=== Data provided ===

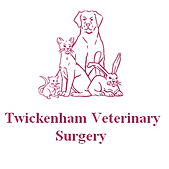 Twickenham Vetinary Surgery - Twickenham. NJC building consultants provided: house renovation - office refurbishment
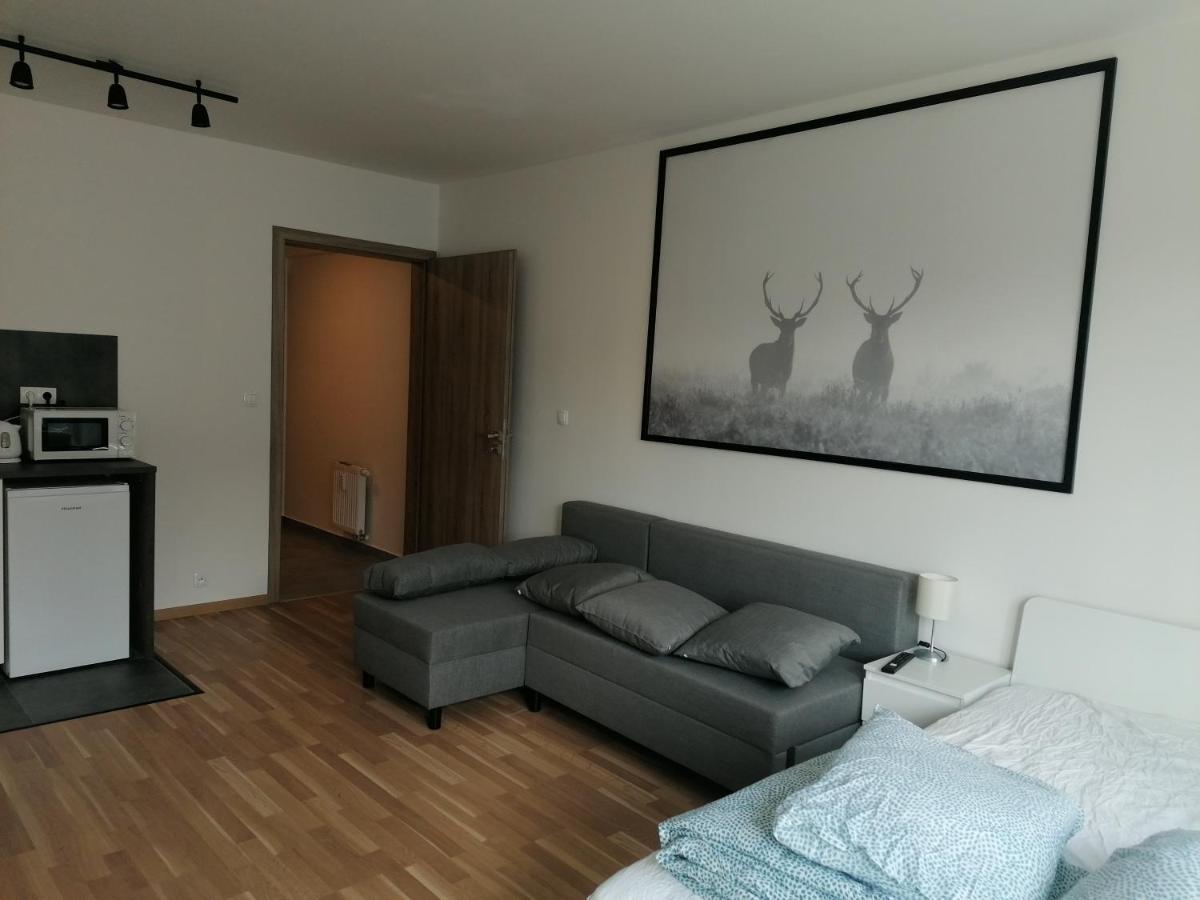 Apartment Brand New #62 With Free Secure Parking In The Center Prag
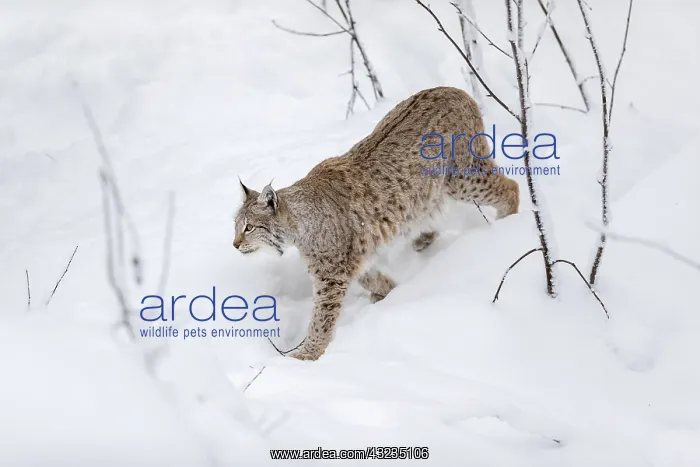  : Lynx - Finland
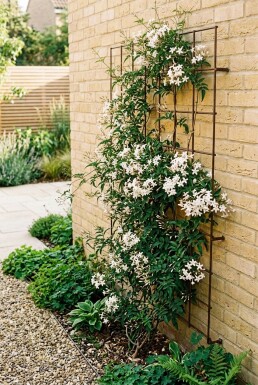 Jasminum officinale Stok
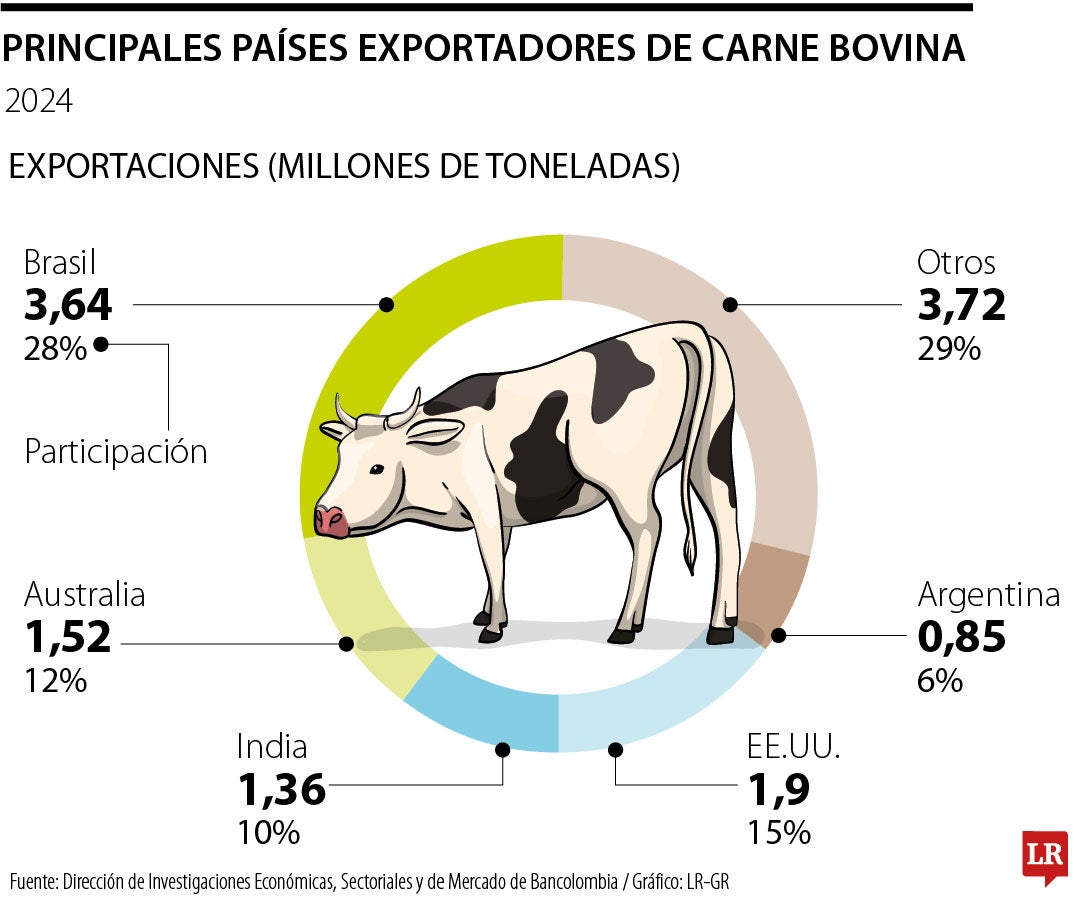 Panorama carne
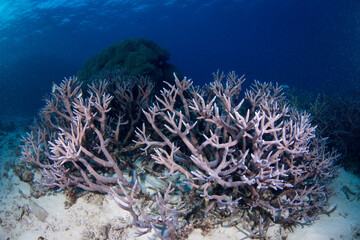 Fototapeta na wymiar Healthy hard corals on the Great Barrier Reef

=== Task prompt ===
All of the records must come back exactly as they stand, minus every picture.

=== Response below ===
 Twickenham Vetinary Surgery - Twickenham. NJC building consultants provided: house renovation - office refurbishment
 Apartment Brand New #62 With Free Secure Parking In The Center Prag
  : Lynx - Finland
 Jasminum officinale Stok
 Panorama carne
 Fototapeta na wymiar Healthy hard corals on the Great Barrier Reef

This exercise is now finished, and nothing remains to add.